4th Apr 2025 14:59
(Alliance News) - Cavendish PLC on Friday said the private markets pipeline "remains encouraging" as it expects financial 2025 revenue in line with the prior year.
The London-based investment bank said it has been "consistently profitable" during the 12 months to March 31, with it anticipating revenue for financial 2025 of approximately GBP55 million, which it noted is in line with the prior year on a like-for-like basis.
It said that this demonstrates both the efficiency of its platform as well as the broad appeal of its service offering.
Cavendish reported market share growth in its public markets business "despite challenging market conditions", with it noting strong revenue growth in its private markets business.
The private markets growth, said Cavendish, reflects both a continued demand for high quality execution within the segment along with the strength of its advisory capabilities.
The firm said it enters the new financial year with a greater number of active mandates compared to the prior year and expressed confidence in sustaining momentum.

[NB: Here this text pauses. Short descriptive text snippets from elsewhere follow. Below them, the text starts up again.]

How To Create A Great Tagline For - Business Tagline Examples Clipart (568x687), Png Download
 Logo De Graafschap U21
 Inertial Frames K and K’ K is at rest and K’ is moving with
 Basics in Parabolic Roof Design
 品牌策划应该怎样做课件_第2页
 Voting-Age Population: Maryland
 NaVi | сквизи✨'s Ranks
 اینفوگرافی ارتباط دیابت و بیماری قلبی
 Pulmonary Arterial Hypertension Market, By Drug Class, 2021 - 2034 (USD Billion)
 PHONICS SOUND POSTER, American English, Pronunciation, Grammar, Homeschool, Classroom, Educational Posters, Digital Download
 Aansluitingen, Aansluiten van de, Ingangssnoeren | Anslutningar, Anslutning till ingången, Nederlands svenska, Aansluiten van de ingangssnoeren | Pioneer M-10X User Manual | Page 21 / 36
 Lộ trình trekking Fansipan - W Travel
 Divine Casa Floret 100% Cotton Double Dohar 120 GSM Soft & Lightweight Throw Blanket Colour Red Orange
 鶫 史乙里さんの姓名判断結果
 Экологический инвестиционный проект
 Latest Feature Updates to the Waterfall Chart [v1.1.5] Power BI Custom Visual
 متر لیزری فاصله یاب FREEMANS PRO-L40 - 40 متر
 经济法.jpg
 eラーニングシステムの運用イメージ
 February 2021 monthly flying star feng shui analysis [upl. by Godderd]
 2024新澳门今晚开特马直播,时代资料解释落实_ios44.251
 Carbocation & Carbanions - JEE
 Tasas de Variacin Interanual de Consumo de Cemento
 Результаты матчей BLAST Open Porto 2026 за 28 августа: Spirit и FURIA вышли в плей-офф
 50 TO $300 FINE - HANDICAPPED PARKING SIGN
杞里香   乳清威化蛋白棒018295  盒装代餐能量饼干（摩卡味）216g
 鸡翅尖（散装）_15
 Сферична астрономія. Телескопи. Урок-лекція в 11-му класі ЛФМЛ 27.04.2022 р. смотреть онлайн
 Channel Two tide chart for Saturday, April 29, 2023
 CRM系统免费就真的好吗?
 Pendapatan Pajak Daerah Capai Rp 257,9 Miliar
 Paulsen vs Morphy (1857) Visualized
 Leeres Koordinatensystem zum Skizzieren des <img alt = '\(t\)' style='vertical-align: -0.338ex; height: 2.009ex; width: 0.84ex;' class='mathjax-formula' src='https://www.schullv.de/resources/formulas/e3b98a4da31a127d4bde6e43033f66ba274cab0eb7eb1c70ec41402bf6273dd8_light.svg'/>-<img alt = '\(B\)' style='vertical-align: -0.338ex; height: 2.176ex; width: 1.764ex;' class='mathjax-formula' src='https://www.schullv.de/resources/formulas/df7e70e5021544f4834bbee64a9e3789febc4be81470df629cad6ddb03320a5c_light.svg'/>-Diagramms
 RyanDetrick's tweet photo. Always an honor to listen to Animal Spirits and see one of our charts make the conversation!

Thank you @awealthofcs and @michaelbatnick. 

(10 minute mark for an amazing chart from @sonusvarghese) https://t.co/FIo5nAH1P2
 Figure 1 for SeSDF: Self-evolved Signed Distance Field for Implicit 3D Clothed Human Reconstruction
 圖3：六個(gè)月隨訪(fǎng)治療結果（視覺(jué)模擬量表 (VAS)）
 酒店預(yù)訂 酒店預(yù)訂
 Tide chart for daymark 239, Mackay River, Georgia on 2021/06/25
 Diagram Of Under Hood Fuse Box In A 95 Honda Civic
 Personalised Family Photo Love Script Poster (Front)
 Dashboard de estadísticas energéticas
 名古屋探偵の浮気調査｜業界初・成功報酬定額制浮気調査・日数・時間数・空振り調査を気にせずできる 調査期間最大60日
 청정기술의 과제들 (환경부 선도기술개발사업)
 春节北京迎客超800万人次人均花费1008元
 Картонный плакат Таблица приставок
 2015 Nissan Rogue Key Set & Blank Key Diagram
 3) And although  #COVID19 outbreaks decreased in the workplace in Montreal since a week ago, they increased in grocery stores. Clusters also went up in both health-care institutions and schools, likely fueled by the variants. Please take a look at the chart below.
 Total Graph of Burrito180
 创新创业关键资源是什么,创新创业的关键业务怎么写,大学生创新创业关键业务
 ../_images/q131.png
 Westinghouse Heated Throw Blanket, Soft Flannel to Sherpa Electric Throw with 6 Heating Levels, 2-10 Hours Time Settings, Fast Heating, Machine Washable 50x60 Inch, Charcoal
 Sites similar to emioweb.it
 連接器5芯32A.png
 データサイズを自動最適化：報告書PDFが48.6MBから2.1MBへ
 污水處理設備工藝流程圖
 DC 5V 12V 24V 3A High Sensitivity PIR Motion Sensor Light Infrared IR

Shares in Cavendish were down 4.1% at 8.30 pence on Friday afternoon in London.
Cavendish said that the private markets pipeline "remains encouraging".
It noted that its positive outlook for the private markets pipeline is supported by the increasing number of entrepreneurs contemplating exit options and the growing involvement of private equity firms looking to extract value from their company portfolios.
"After a challenging period for UK and European equities, we remain cautiously optimistic that sentiment may finally be turning. President Trump's tariff policies and government spending cuts have heightened US recessionary risks, coincident with historically high US equity valuations and extreme concentration of capital in the largest US tech firms," said Cavendish.
Cavendish added: "These risks to US equities have begun to prompt a reappraisal of diversification, driving a rotation from the US to European and UK equities. Whilst this rotation will initially favour the largest and most liquid European and UK stocks, history suggests that any incremental asset allocation to UK equities will ultimately flow through to smaller and mid-cap companies, especially given their attractive valuations.
"We believe that a combination of increasing diversification and the compelling valuation of the UK small and mid-cap sector will create significant opportunities in the year ahead."